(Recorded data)
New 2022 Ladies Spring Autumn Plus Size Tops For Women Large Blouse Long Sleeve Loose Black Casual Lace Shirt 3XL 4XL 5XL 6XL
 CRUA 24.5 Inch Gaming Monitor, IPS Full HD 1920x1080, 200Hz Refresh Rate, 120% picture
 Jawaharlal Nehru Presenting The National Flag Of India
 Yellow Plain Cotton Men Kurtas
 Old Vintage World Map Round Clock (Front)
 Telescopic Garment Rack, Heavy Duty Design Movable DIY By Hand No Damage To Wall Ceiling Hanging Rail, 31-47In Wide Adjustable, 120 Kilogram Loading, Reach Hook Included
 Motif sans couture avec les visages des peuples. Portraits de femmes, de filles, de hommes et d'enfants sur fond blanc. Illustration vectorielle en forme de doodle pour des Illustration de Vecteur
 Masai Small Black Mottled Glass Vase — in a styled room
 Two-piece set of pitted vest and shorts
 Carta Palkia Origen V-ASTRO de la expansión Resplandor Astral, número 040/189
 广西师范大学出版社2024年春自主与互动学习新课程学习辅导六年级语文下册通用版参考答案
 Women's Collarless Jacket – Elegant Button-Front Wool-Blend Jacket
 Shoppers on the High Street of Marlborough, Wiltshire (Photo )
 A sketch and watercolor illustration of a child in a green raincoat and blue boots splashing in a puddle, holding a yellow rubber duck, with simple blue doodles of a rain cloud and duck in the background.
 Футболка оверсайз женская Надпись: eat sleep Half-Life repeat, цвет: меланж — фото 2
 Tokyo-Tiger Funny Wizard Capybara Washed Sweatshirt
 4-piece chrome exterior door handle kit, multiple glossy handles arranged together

→ **WHAT YOU ARE ASKED TO DO**
The entries above are to be restated word for word.

→ **EXPECTED ANSWER**
New 2022 Ladies Spring Autumn Plus Size Tops For Women Large Blouse Long Sleeve Loose Black Casual Lace Shirt 3XL 4XL 5XL 6XL
 CRUA 24.5 Inch Gaming Monitor, IPS Full HD 1920x1080, 200Hz Refresh Rate, 120% picture
 Jawaharlal Nehru Presenting The National Flag Of India
 Yellow Plain Cotton Men Kurtas
 Old Vintage World Map Round Clock (Front)
 Telescopic Garment Rack, Heavy Duty Design Movable DIY By Hand No Damage To Wall Ceiling Hanging Rail, 31-47In Wide Adjustable, 120 Kilogram Loading, Reach Hook Included
 Motif sans couture avec les visages des peuples. Portraits de femmes, de filles, de hommes et d'enfants sur fond blanc. Illustration vectorielle en forme de doodle pour des Illustration de Vecteur
 Masai Small Black Mottled Glass Vase — in a styled room
 Two-piece set of pitted vest and shorts
 Carta Palkia Origen V-ASTRO de la expansión Resplandor Astral, número 040/189
 广西师范大学出版社2024年春自主与互动学习新课程学习辅导六年级语文下册通用版参考答案
 Women's Collarless Jacket – Elegant Button-Front Wool-Blend Jacket
 Shoppers on the High Street of Marlborough, Wiltshire (Photo )
 A sketch and watercolor illustration of a child in a green raincoat and blue boots splashing in a puddle, holding a yellow rubber duck, with simple blue doodles of a rain cloud and duck in the background.
 Футболка оверсайз женская Надпись: eat sleep Half-Life repeat, цвет: меланж — фото 2
 Tokyo-Tiger Funny Wizard Capybara Washed Sweatshirt
 4-piece chrome exterior door handle kit, multiple glossy handles arranged together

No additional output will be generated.